Former House Speaker Newt Gingrich was perhaps the most anti-Obama of the Republican 2012 candidates in his rhetoric, blasting the president as a “Saul Alinsky liberal,” and “the best food stamp president in American history.”
It didn’t work. Gingrich, who will officially announce next week he is leaving the race, won only two primaries, not only being defeated by Mitt Romney but also finishing well behind ex-Pennsylvania senator Rick Santorum.
Gingrich no doubt lost because he struggled to raise money, stay on message, organize staff in key states or explain away his controversial record, from his divorces to his resignation from the speakership.
But his defeat also illustrated the limits of the strident, anti-Obama tone that many Republicans, most notably Tea Party activists, adopted in 2009. Unlike Romney, who argues the president is a good man who is simply ineffective in his job, Gingrich constantly went much further, casting Obama as opposed to religious freedom, unable to perform in a debate without a teleprompter and seeking to impose socialism on America.
Obama draws his policy vision from “Saul Alinksy, radical left-wingers and people who don’t like the classical America,” Gingrich memorably declared in January.
Gingrich’s fiery rhetoric appealed to Tea Party voters in some states, particularly South Carolina, where he notched a surprising win.
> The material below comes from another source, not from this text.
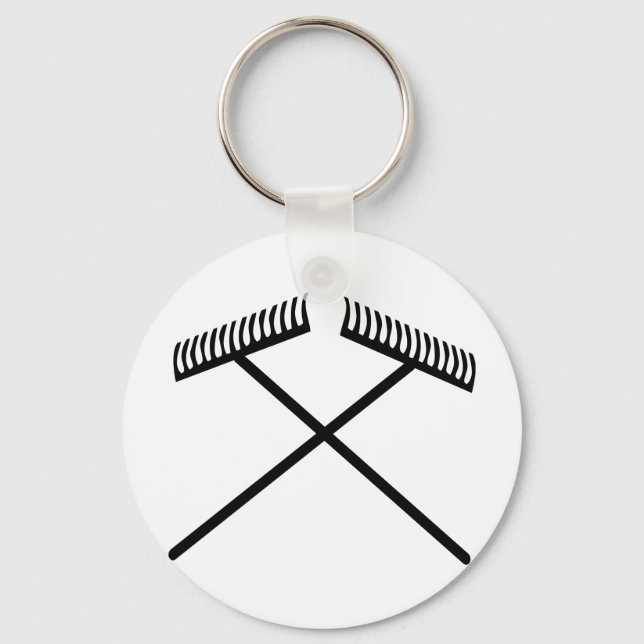 lawn rake crossed keychain (Front)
And Santorum won 11 states with some of that same populist anger.
But ultimately, Republican voters opted against this approach. Romney won in spite of a series of moderate stands on issues in his past, most notably support for a health care mandate in Massachusetts only five years ago. Romney carefully stayed away from the anger of the Tea Party, rarely attacking Obama on anything other than policy issues.
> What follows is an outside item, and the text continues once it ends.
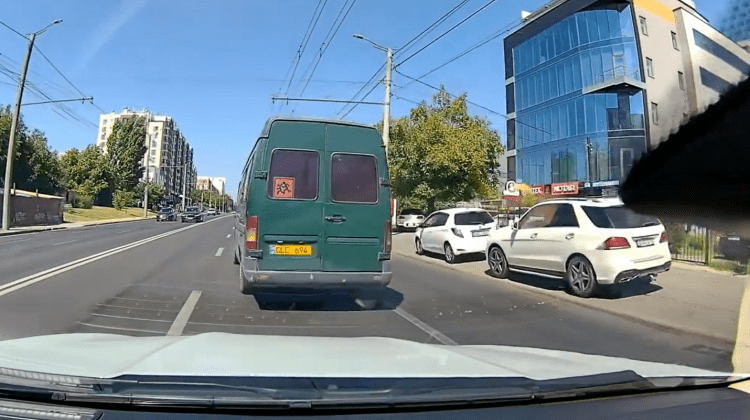 VIDEO cu momentul în care șoferul unui microbuz, care transporta copii, iese la o depășire periculoasă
The defeat of Gingrich and Santorum is perhaps the most obvious sign of the limits of the Tea Party. The movement did help galvanize Republicans against President Obama and win back the House for the GOP in 2010. And Romney has adopted many of its policy views, as he would look to drastically reduce spending and taxes if elected, as Tea Party activists have demanded.
At the same time, Romney is trying to move to the political center on issues like immigration reform, aware the views of conservative activists are often not reflective of the broader electorate.
Gingrich’s attempts to win the Tea Party vote may have a lasting negative impact on his political career. In 2009, he toured the country to tout education reform with the Rev. Al Sharpton, as both men were trying to establish their ability to look past partisanship on a key issue.
Now, Sharpton would now likely avoid appearing with Gingrich, who angered many in the black community, who said his food stamp remarks had a racial undertone.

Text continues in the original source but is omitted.